-- EXTRACTED INFORMATION follows --

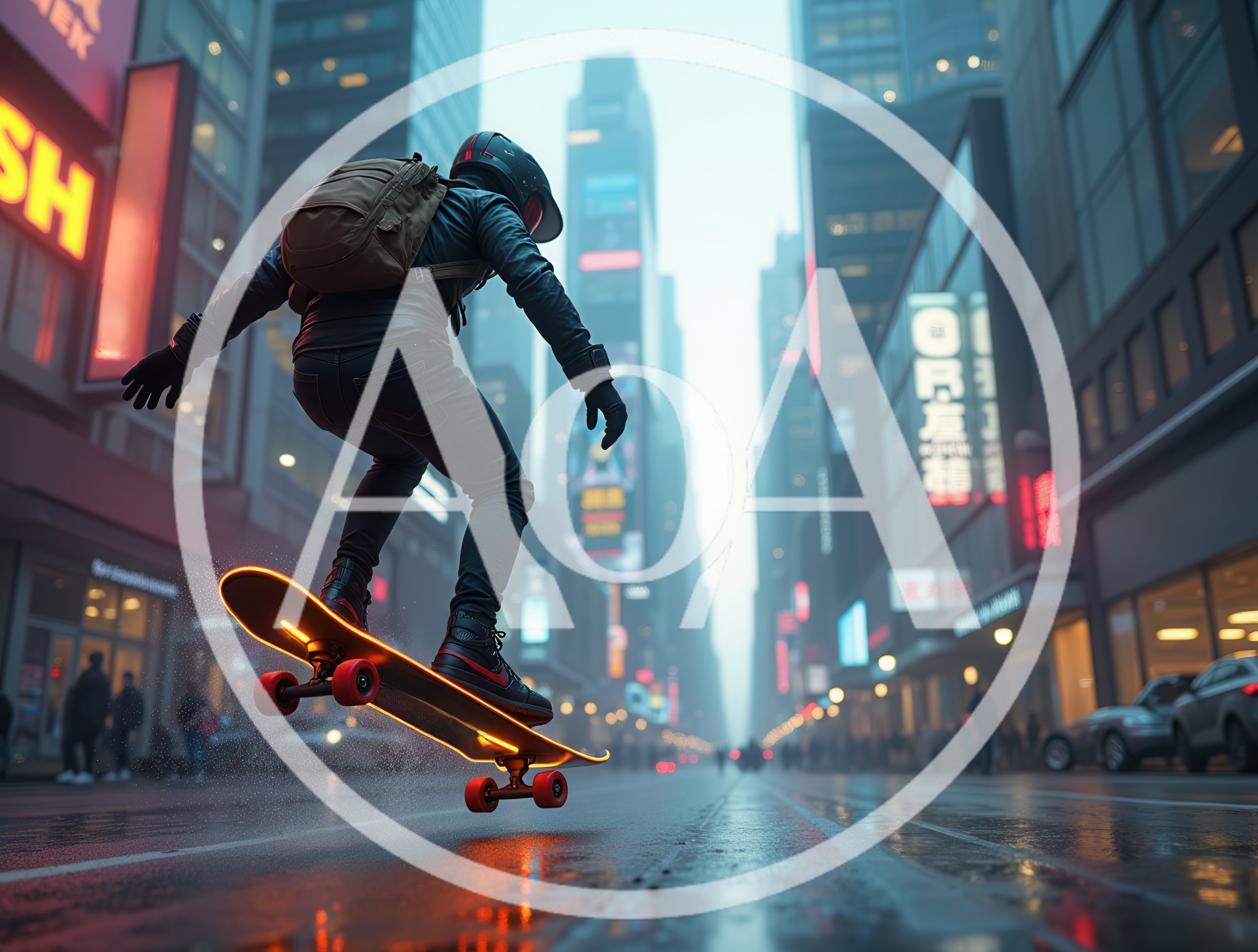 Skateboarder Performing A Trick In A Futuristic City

-- EXTRACTED INFORMATION concluded --
-- EXTRACTED INFORMATION follows --

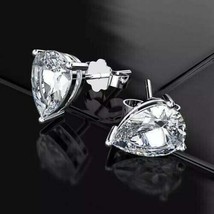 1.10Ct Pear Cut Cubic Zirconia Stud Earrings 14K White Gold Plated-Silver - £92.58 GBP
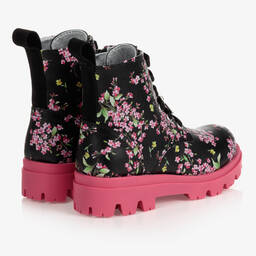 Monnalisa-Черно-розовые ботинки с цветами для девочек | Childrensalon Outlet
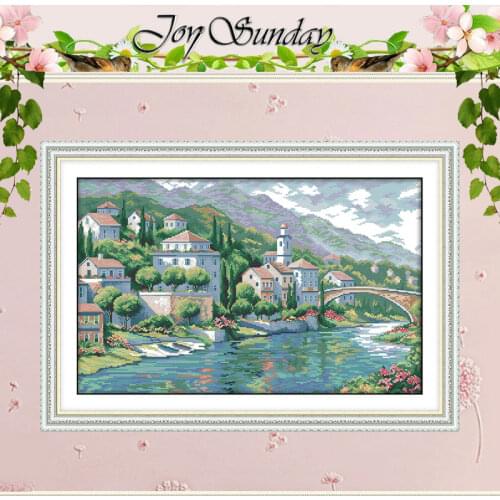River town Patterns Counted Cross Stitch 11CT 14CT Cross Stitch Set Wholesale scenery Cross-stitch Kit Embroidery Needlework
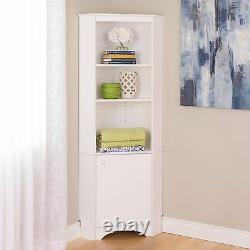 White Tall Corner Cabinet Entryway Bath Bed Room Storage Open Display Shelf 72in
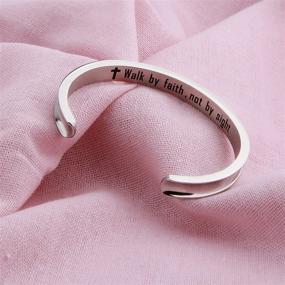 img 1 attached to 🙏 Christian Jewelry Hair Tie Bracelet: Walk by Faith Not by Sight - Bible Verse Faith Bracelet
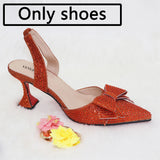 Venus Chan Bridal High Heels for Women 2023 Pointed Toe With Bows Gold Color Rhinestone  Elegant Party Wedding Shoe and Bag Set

-- EXTRACTED INFORMATION concluded --

** TASK PROMPT **
Here the job is to copy the stretch of records from the line containing "Monnalisa-Черно-розовые ботинки с" through the line containing "Venus Chan Bridal", word for word. Leave every picture out.

** YOUR SOLUTION **
 Monnalisa-Черно-розовые ботинки с цветами для девочек | Childrensalon Outlet
River town Patterns Counted Cross Stitch 11CT 14CT Cross Stitch Set Wholesale scenery Cross-stitch Kit Embroidery Needlework
 White Tall Corner Cabinet Entryway Bath Bed Room Storage Open Display Shelf 72in
 img 1 attached to 🙏 Christian Jewelry Hair Tie Bracelet: Walk by Faith Not by Sight - Bible Verse Faith Bracelet
 Venus Chan Bridal High Heels for Women 2023 Pointed Toe With Bows Gold Color Rhinestone  Elegant Party Wedding Shoe and Bag Set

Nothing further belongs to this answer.